Supplied material –
--- START ---
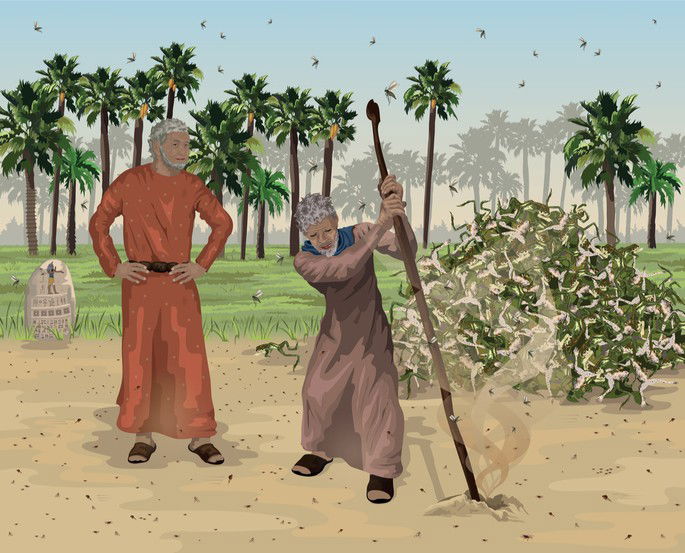 Terceira praga do Egito: infestação de mosquitos.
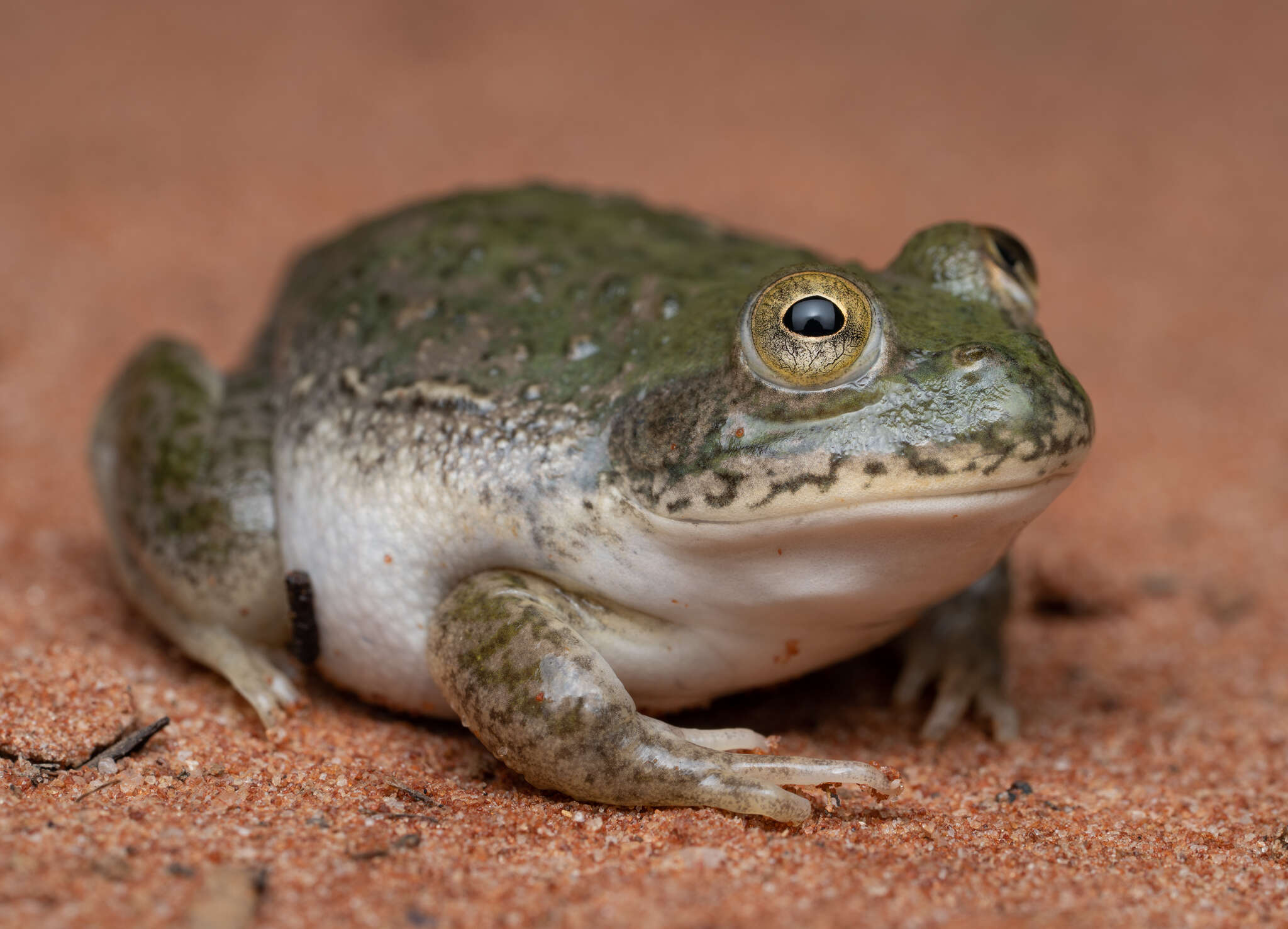 Image of Eastern Water-holding Frog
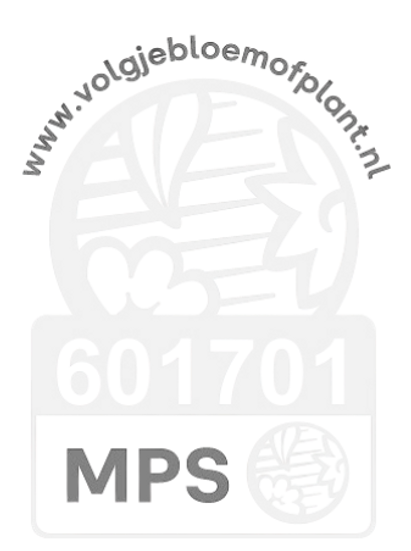 Ontwerp zonder titel-12.png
--- END ---
Task statement – Keep every word of the data as it is when you write it out, but drop the pictures.

Result –
 Terceira praga do Egito: infestação de mosquitos.
 Image of Eastern Water-holding Frog
 Ontwerp zonder titel-12.png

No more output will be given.